Warner Music Group is coughing up $5 million to settle payola allegations brought by New York State Attorney General Eliot Spitzer.
At a press conference Tuesday, Spitzer released company documents detailing extensive "pay-for-play" practices, in which Warner Music offered radio station employees lavish vacations, laptops, iPods, Super Bowl tickets and other pricey perks to play music by bands like Green Day, My Chemical Romance and R.E.M.--a direct violation of state and federal law.
"Warner Music has illegally provided radio stations with financial benefits to obtain airplay and boost the chart position of its songs," Spitzer said in a statement, adding that the nation's third-largest record company would "abandon the industry-wide practice of providing radio stations and their employees with financial incentives and promotional items in exchange for airplay."
This is the second major payola payout Spitzer has secured.
Earlier this year, Spitzer helped solve the mystery of just why Jennifer Lopez "hits" may have been receiving heavy airplay on some stations despite declining record sales when he busted Sony BMG for payola violations.
The second-largest record company agreed in June to pay $10 million to the state of New York in a blockbuster settlement that rocked the music industry.
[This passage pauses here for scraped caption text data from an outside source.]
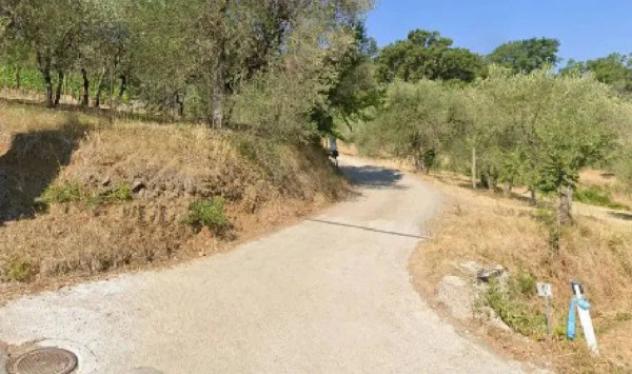Immobile in asta di 175 m² in vendita a Montalcino - Foto 3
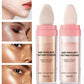 Highlighter Powder Glitter Stick for Makeup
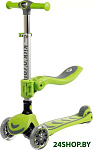 Картинка Самокат BONDIBON Kicknroll КК0005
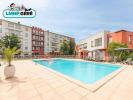 Vente Appartement Cornebarrieu  31700 3 pieces 54 m2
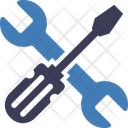 پیش‌نمایش فایل repair-tools-9502915 از پک ترکیبی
Like that earlier settlement, the Warner Music money will be distributed to not-for-profit groups by Rockefeller Philanthropy Advisors.
In a statement, Warner Music said, "From our perspective, radio cannot be too consumer-driven," the statement said. "The music that people hear on the radio always should represent the highest quality the industry has to offer."
Warner's hand was caught in the cookie jar. Spitzer obtained reams of incriminating evidence against the company, including an email written by a staffer describing a Cincinnati radio director as "a whore" willing to sell airplay for gifts. A Buffalo programmer was flown to Miami and given a computer and tickets to events to increase the spins of Warner Music artists.
The company also purchased advertising on Carson Daly and Ryan Seacrest's syndicated countdown shows on Clear Channel stations in exchange for more airplay.
Outright pay-for-play was thought to be finished after strict legislation was enacted following scandals in the late 1950s, but Spitzer has characterized the practice as still "pervasive."
Record companies routinely hire independent record promotion companies to secure airplay for their artists in the increasingly competitive corporate-owned radio environment, but outright gifts tied to radio "adds" are prohibited under a 1960 federal law.
Spitzer, a Democrat who has already announced his candidacy in the 2006 New York gubernatorial race, is still gunning for the two other major record companies, Universal Music Group and EMI Group, as well as such radio behemoths as Clear Channel Communications, Infinity Broadcasting and Entercom Communications.